Records drawn from a dataset
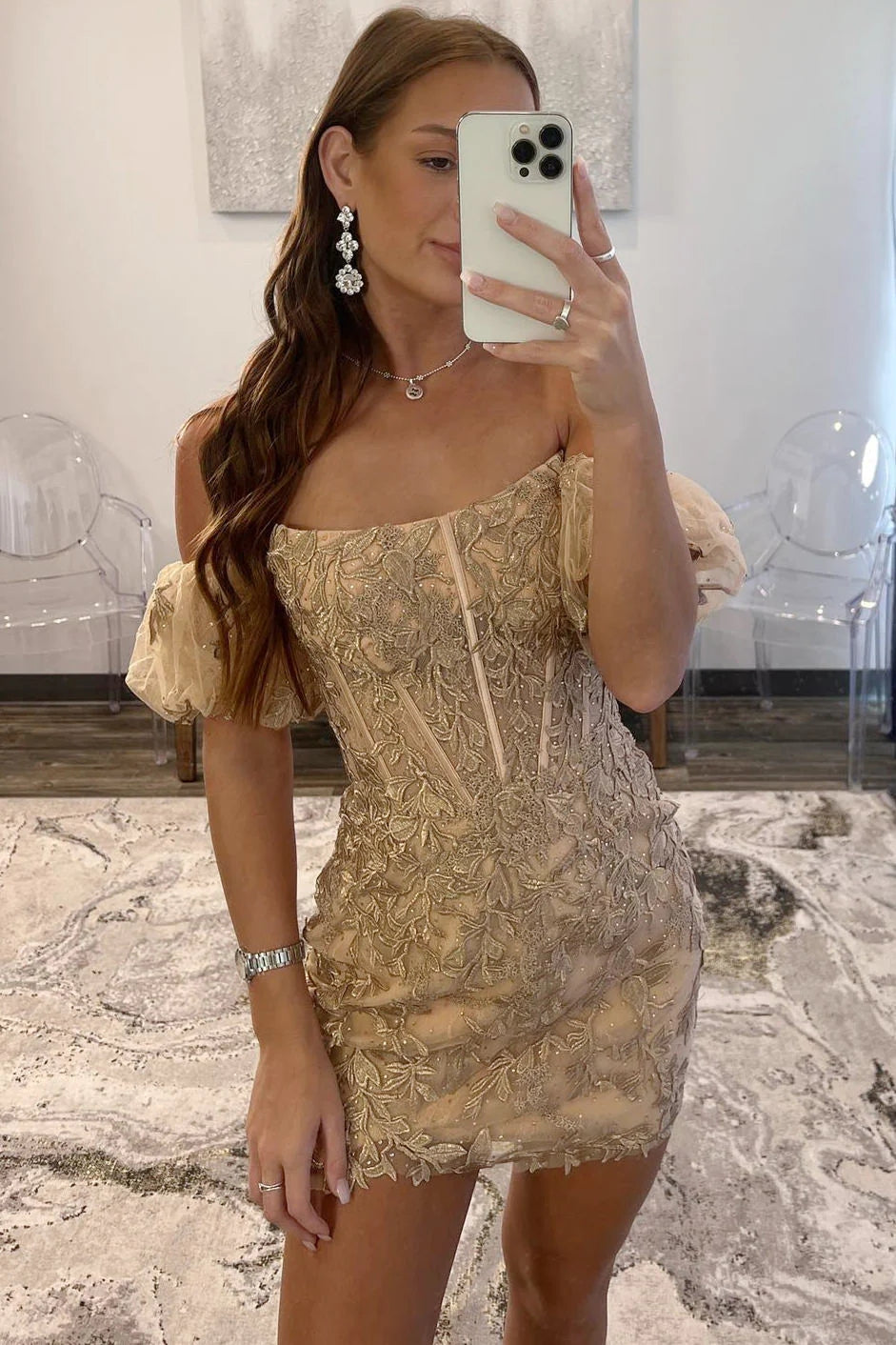 Strapless Gold Balloon Sleeves Bodycon Homecoming Dress with Appliques VK23072906 Vickidress
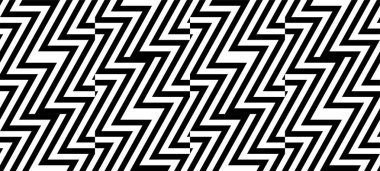 Zig-zag yaratıcı geçmişi. Siyah beyaz çizgili, pürüzsüz desen. Optik sanat, optik illüzyon. Vektör dokusu.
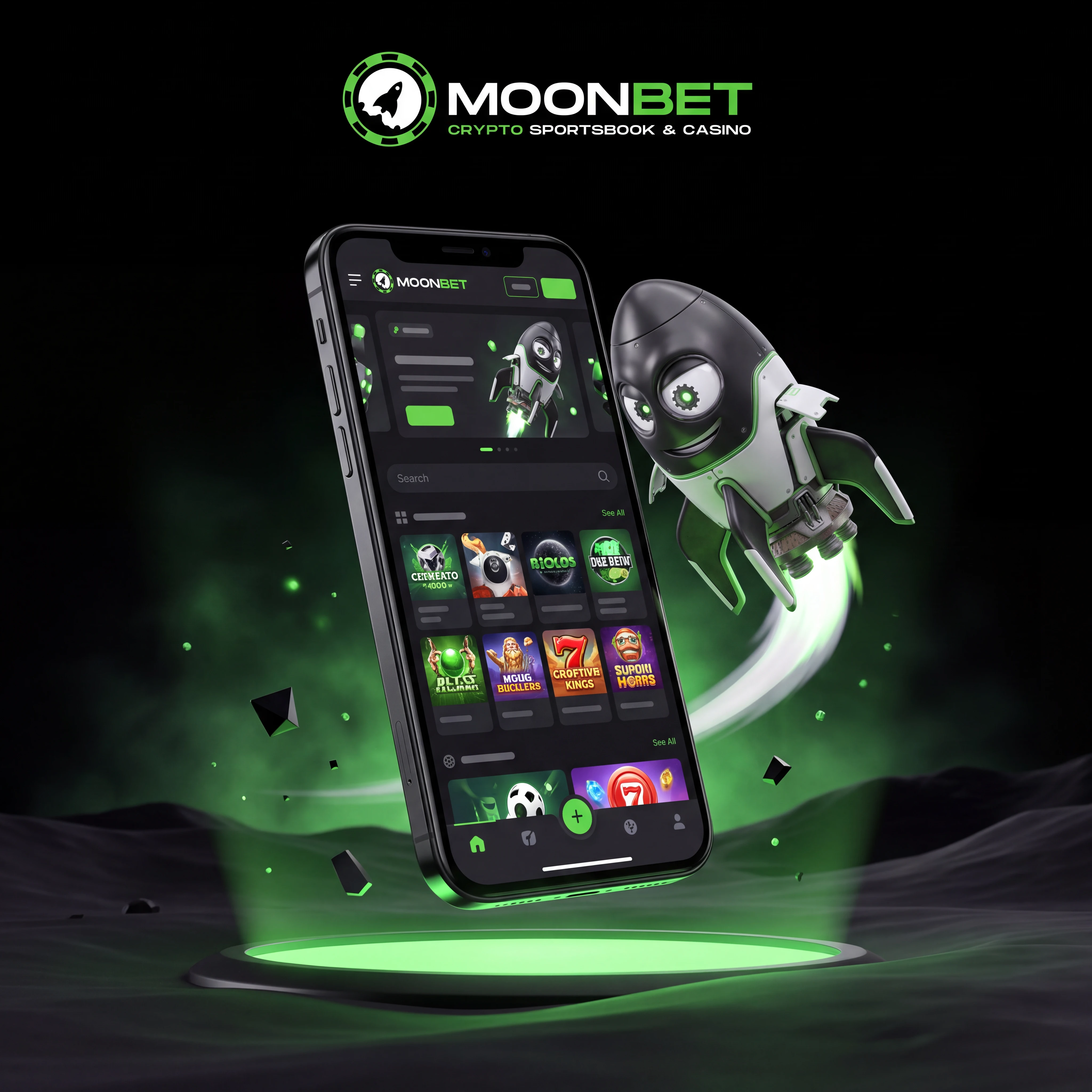 Moonbet mobile casino artwork in orbit
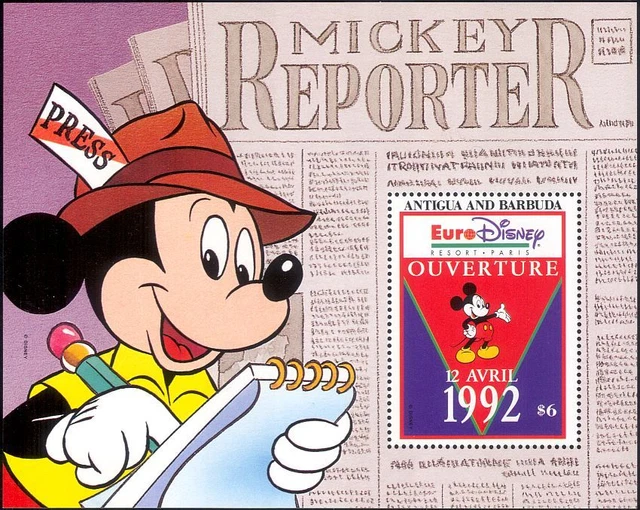ANTIGUA 1993 EURO Disney Cartoons Animation Mickey Newspaper 1v M s antigua-1993-euro-disney-cartoons-animation-mickey-newspaper-1v-m-s
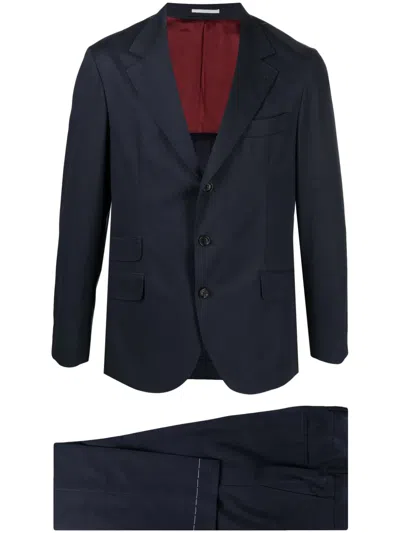 Brunello Cucinelli Two-piece Cotton-cashmere Suit In Blue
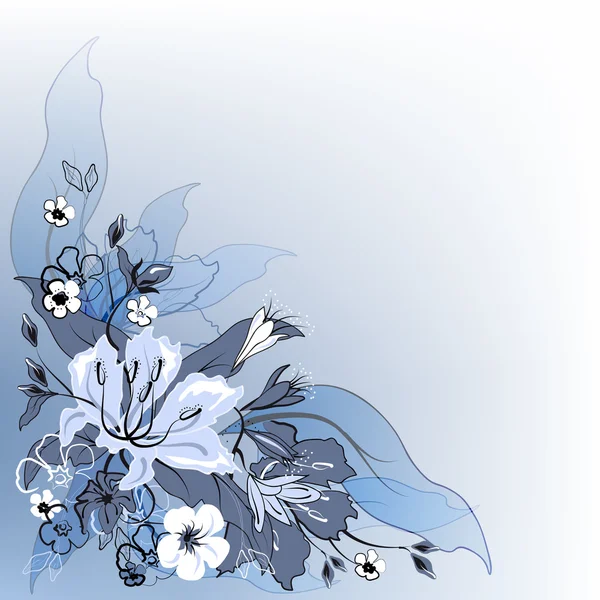 蓝色色域内装饰花卉背景 — 图库矢量图片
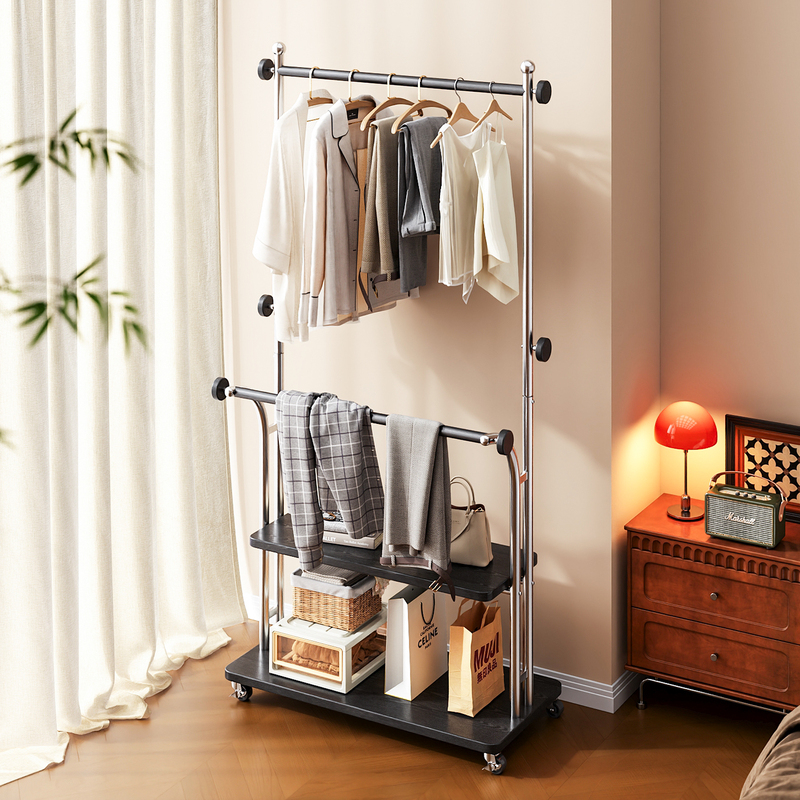 Bedroom Floor-Standing Clothes Rack, Stainless Steel Movable Coat Rack, Bed-End Laundry Rack, Room Clothes Storage Rack
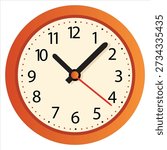 wall clock isolated vector illustration on white. Orange color wall clock with transparent background	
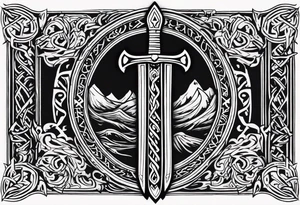 Valhalla sword viking funeral tattoo idea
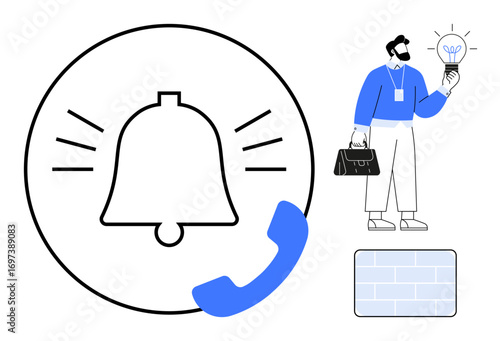 Ringing alert bell in focus with phone receiver, person holding a glowing light bulb representing a new idea, a briefcase, and a minimal brick wall background. Ideal for innovation, communication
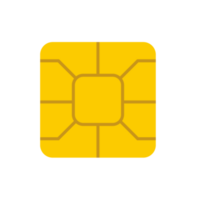 Credit card golden microchip isolated, finance and security concept png
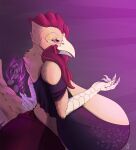  &lt;3 anthro avian big_breasts bird breasts chicken cleavage clothed clothing draconder female flower galliform gallus_(genus) hi_res huge_breasts hyper hyper_breasts liz_(draconder) non-mammal_breasts phasianid plant rose_(flower) solo yellow_body 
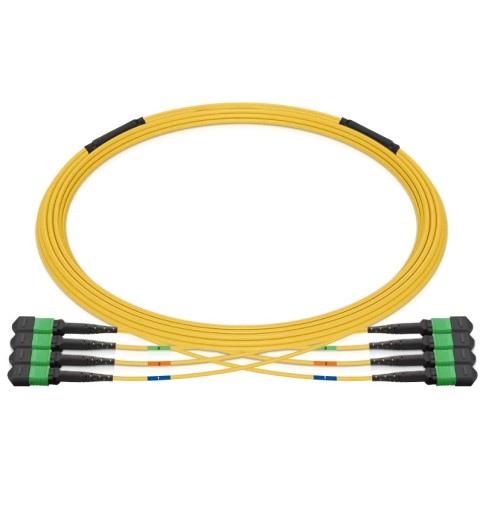 Pre-terminated MPO 4x4 Shuffle Trunk Cable, 32 Fibers, 4 x MPO-8 APC (Female) to 4 x MPO-8 APC (Female), Single Mode (OS2), Type 4, OFNP, 0.35dB Max, Breakout 5m, Yellow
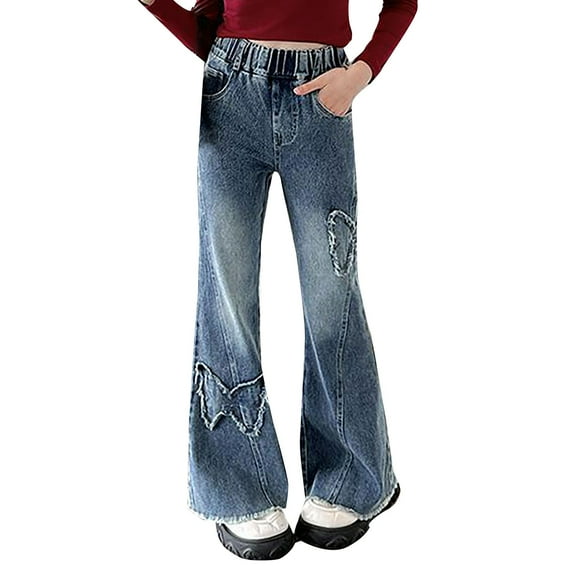 KAUOD Girls Ripped Jeans Vintage Cute High Waist Flare Denim Pants with Pockets Teen Kids Fall Straight Long Jeans Loose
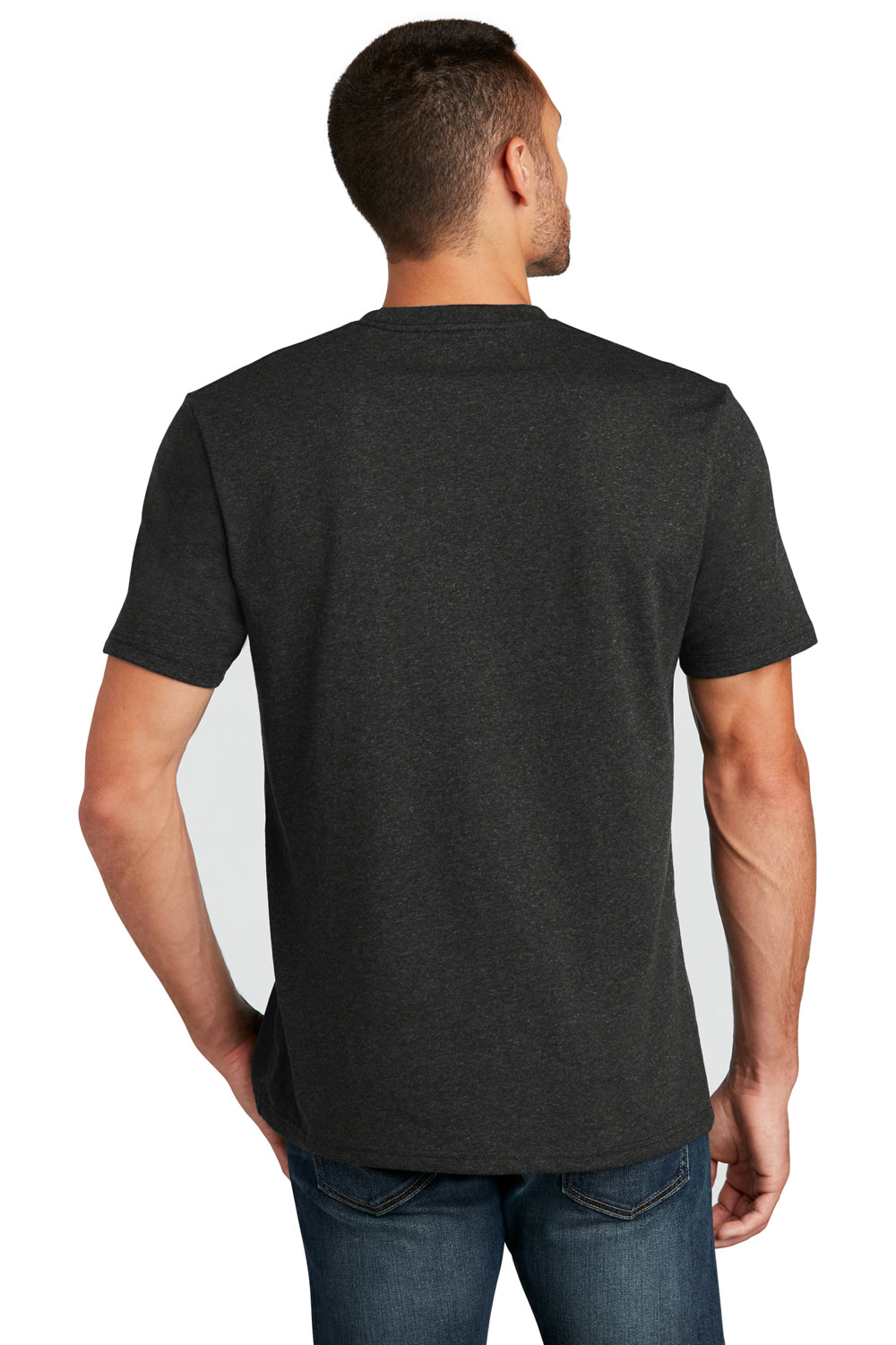 District Mens Re-Tee Short Sleeve Crewneck T-Shirt Heather Charcoal Grey Side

→ **Exercise goal**: Copy every line exactly, from the opening line of the entries down to the line holding "Valhalla sword viking funeral tattoo idea", and keep the pictures out.

→ **Response below**:
 Strapless Gold Balloon Sleeves Bodycon Homecoming Dress with Appliques VK23072906 Vickidress
 Zig-zag yaratıcı geçmişi. Siyah beyaz çizgili, pürüzsüz desen. Optik sanat, optik illüzyon. Vektör dokusu.
 Moonbet mobile casino artwork in orbit
ANTIGUA 1993 EURO Disney Cartoons Animation Mickey Newspaper 1v M s antigua-1993-euro-disney-cartoons-animation-mickey-newspaper-1v-m-s
 Brunello Cucinelli Two-piece Cotton-cashmere Suit In Blue
 蓝色色域内装饰花卉背景 — 图库矢量图片
 Bedroom Floor-Standing Clothes Rack, Stainless Steel Movable Coat Rack, Bed-End Laundry Rack, Room Clothes Storage Rack
 wall clock isolated vector illustration on white. Orange color wall clock with transparent background	
 Valhalla sword viking funeral tattoo idea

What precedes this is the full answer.